Но получилось так, что первая большая задача была связана не с Землей. Тогда очень активно развивался космос — в частности, стояла задача посадить аппарат на Венеру. А чтобы это сделать, надо знать скорость ветра вблизи поверхности этой планеты.
— Насколько я знаю, первые аппараты не смогли сесть на ее поверхность и сгорели именно потому, что многих параметров тогда не знали.
— Да. Не было известно практически ничего: ни про очень большое давление в 90 атмосфер, ни про чудовищные температуры, ни про плохую видимость… Но было очень важно знать, какая скорость у поверхности. И задачу эту, как одну из главных, поставили именно нашему филиалу.
— Почему именно вам?
— В Лаборатории численного моделирования атмосферы и океана трудились молодые перспективные специалисты, которые взяли на себя смелость решить эту задачу, причем решить ее надо было за три месяца, хотя реально такой задачей занимаются годами. Задача сложная и новая, никаких данных нет. Ведь когда мы что-то прогнозируем или оцениваем, мы все же имеем какую-либо измерительную информацию. А дальше уже по измерениям и моделям можем провести прогноз.

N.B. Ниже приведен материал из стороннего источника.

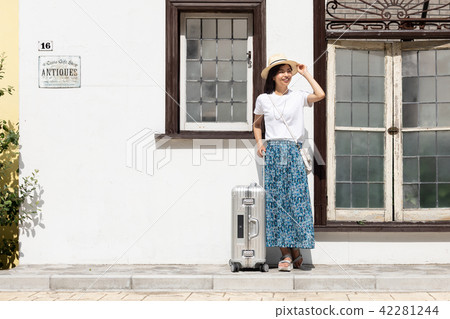 A young woman traveling alone 42281244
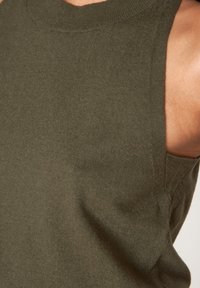 Top maglia senza maniche di colore verde oliva con scollo rotondo, tessuto morbido e aperture laterali per la ventilazione. Dettagli delle cuciture visibili.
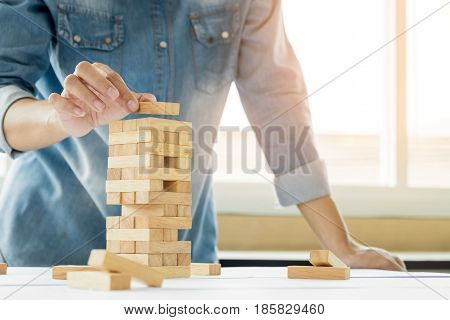 Hand Of Engineer Playing A Blocks Wood Tower Game (jenga) On Blueprint Or Architectural Project.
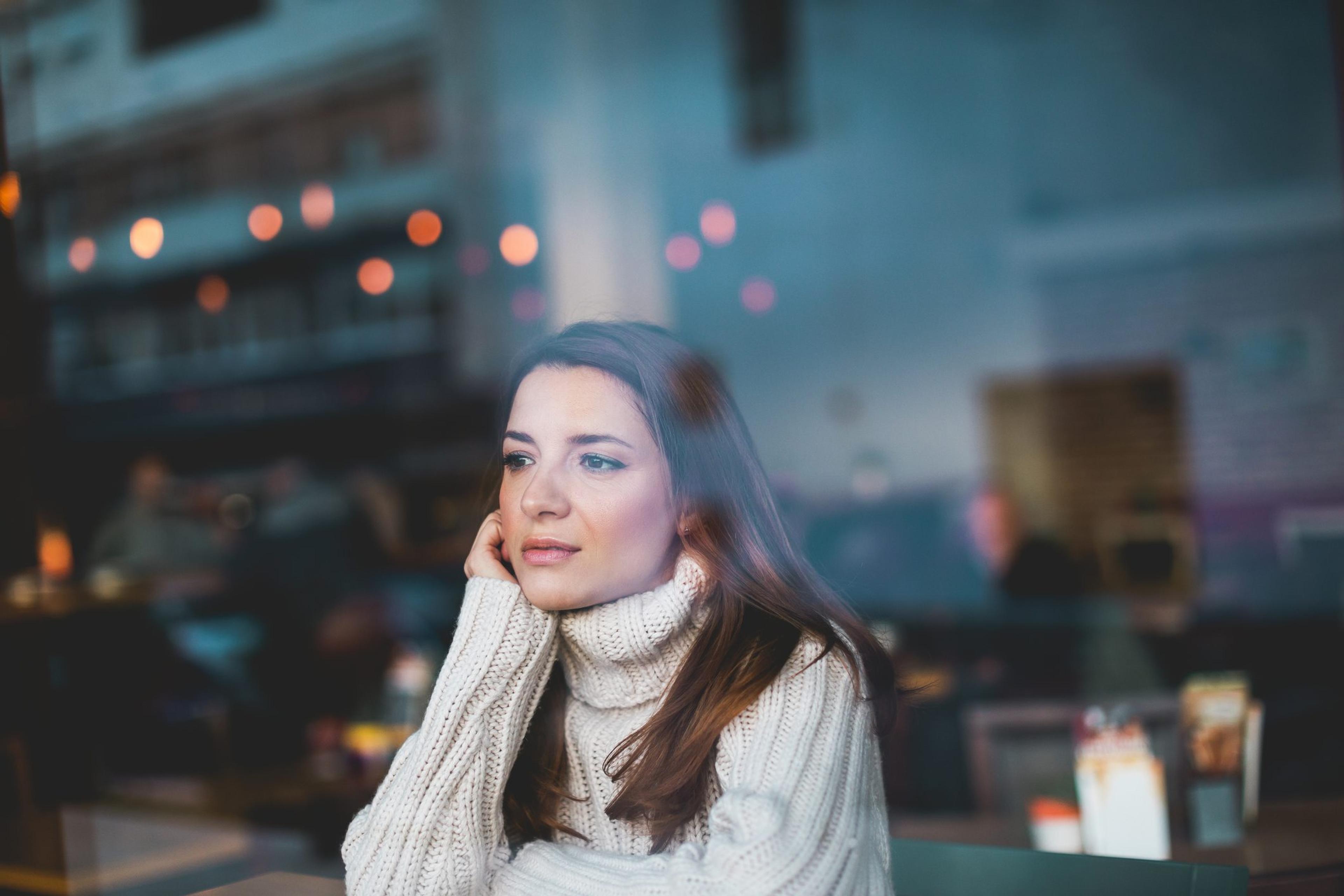 Woman sits alone in a cafe looking out the windows feeling the holiday blues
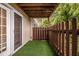 Cozy outdoor patio area with artificial grass, privacy fence, and sliding glass door access at 502 Brighton Pt, Atlanta, GA 30328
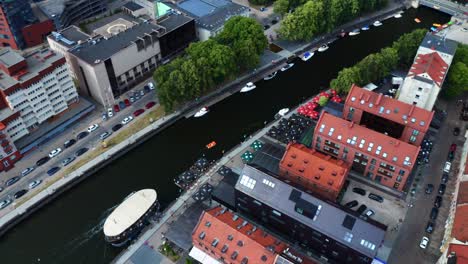 aerial view of the boats dock at dane river near the castle bridge in pilies tiltas, klaipeda, lithuania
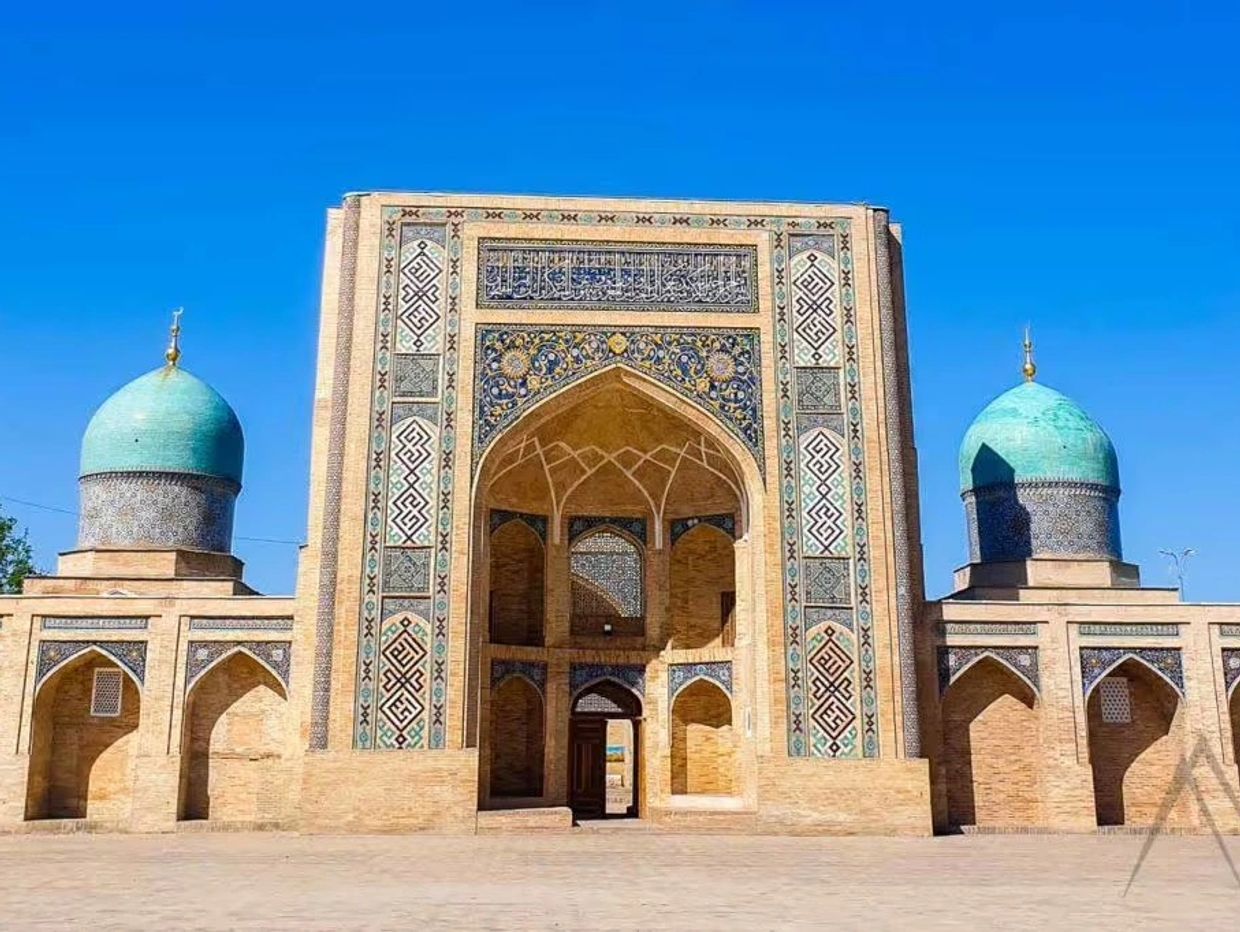 Historic Islamic architecture with intricate blue tilework and turquoise domes.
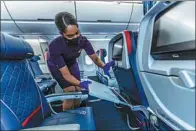  ?? PROVIDED TO CHINA DAILY ?? A Delta flight attendant readies seats before the takeoff.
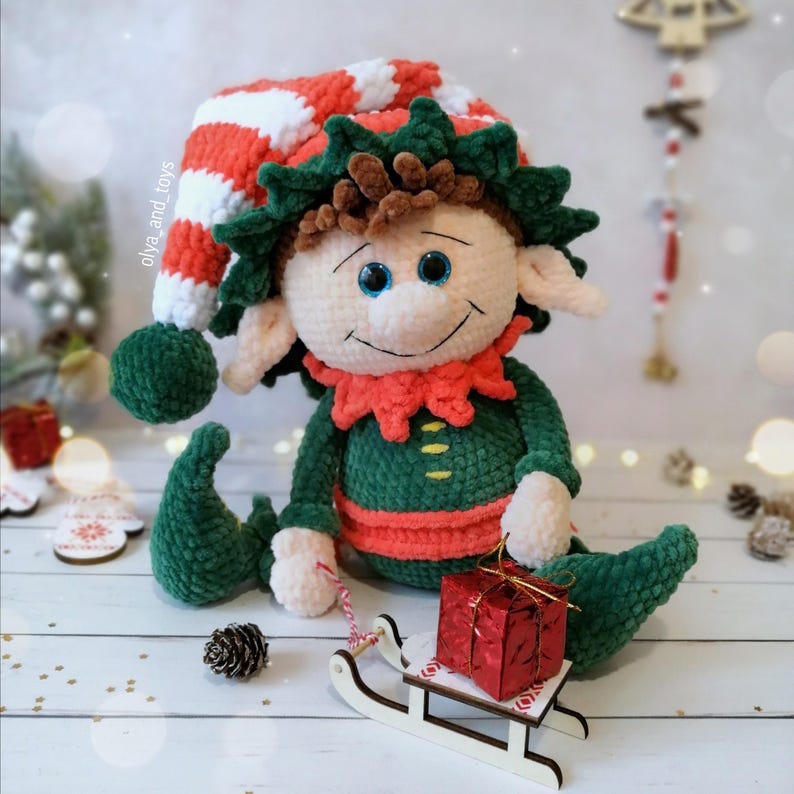 May include: A handcrafted Christmas elf doll wearing a red and white striped hat, green outfit, and a red collar. The elf is holding a small wooden sled with a red gift box. The doll has blue eyes and a smiling face.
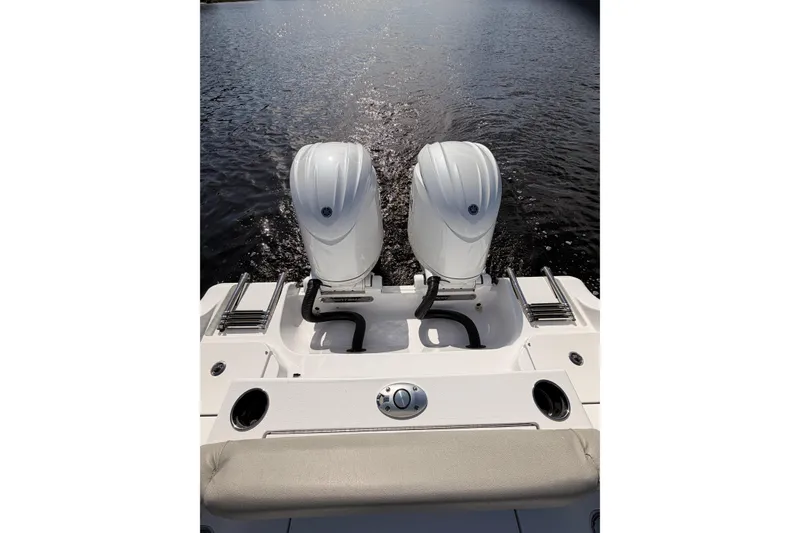 Slide: The Image of 2025 Sportsman Open 262 Center Console boat on calm water, featuring spacious seating. - 16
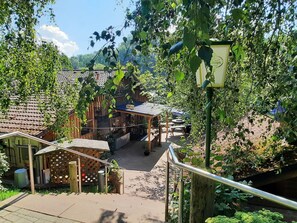 Un bâtiment rustique en bois, doté d’un toit en tuiles, d’un espace extérieur abrité avec des sièges et d’un escalier menant à une terrasse en bois.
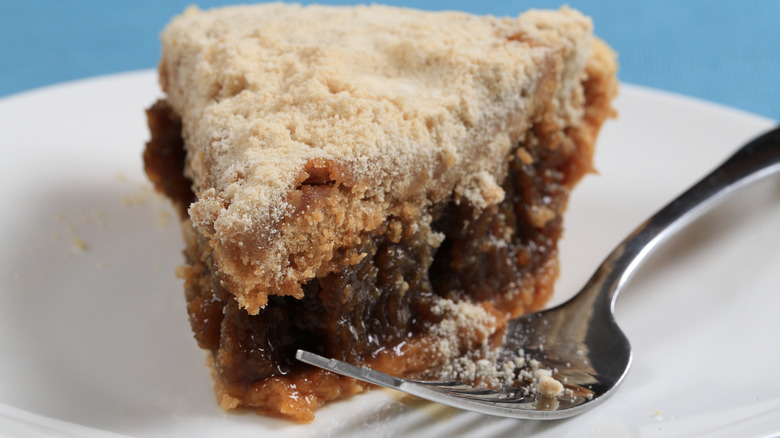 A close up of a slice of shoofly pie with a fork beside it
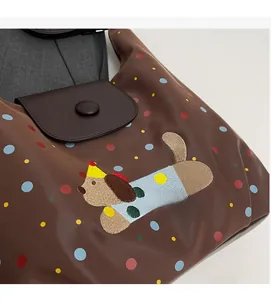 Detail of dark brown nylon bag featuring colorful dots and cartoon dog embroidery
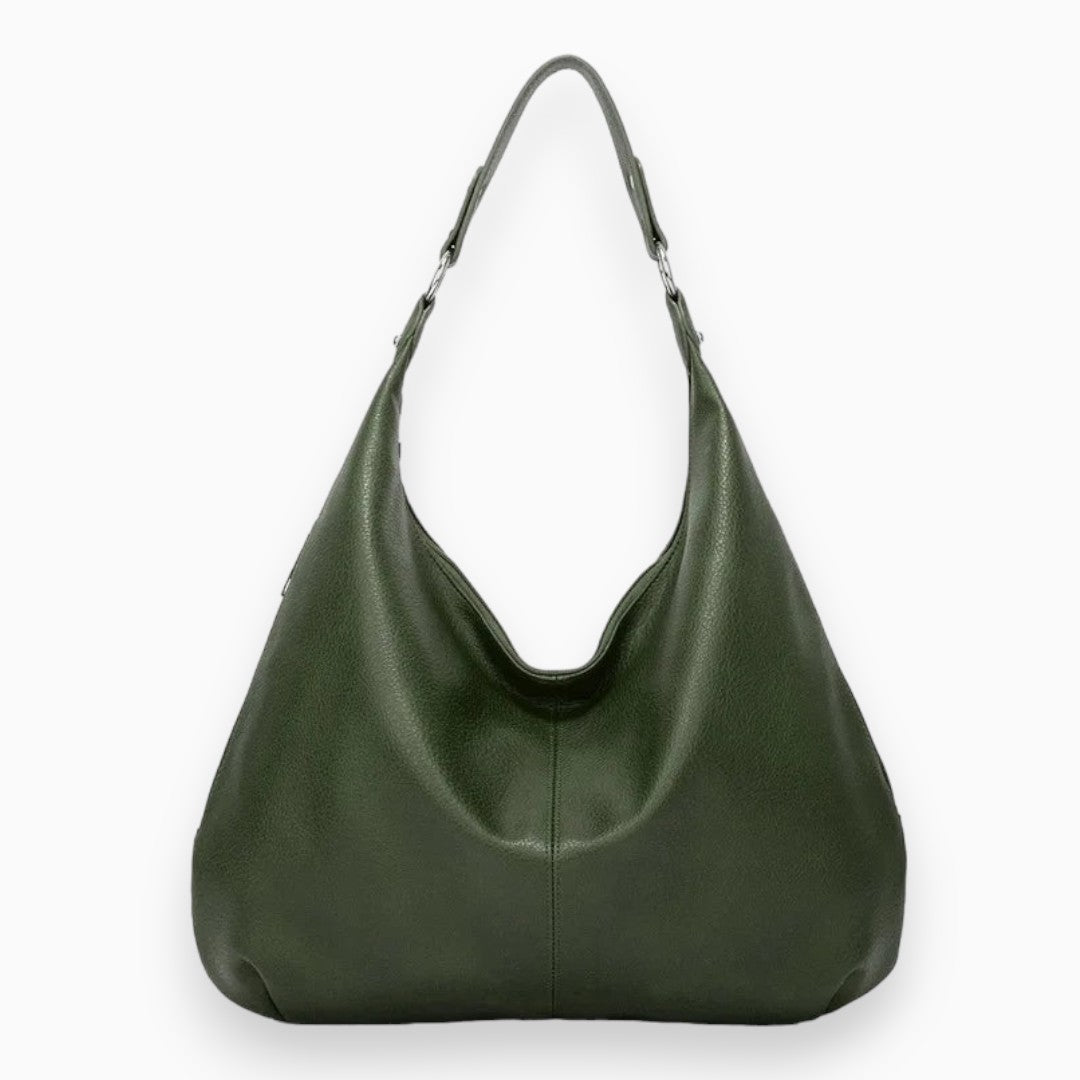 Szykowna i przestronna torebka hobo ze skóry wielbłądowej, o elastycznym i nowoczesnym designie, idealna na akcesoria dla miejskich i eleganckich kobiet.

— Знаю, вы с этой задачей справились, хотя не очень понимаю как. Ведь одно дело — земная атмосфера и земные поверхности, совсем другое дело — венерианская, где царят совсем другие условия. И они не были известны ученым.
— Несмотря на все эти сложности, были построены модели исходя из некоторых общенаучных данных. Не обошлось без парадоксов: спрогнозировали, дали необходимые характеристики, аппарат сел, а потом в вычислениях нашли ошибку. И оказалось, что ошибка была в самой модели. Но когда уже по уточненной модели пересчитали, оказалось, что значение на поверхности было то же самое. Получилось так, что две ошибки друг друга скомпенсировали. В конечном счете по динамике атмосферы Венеры вышла монография наших сотрудников.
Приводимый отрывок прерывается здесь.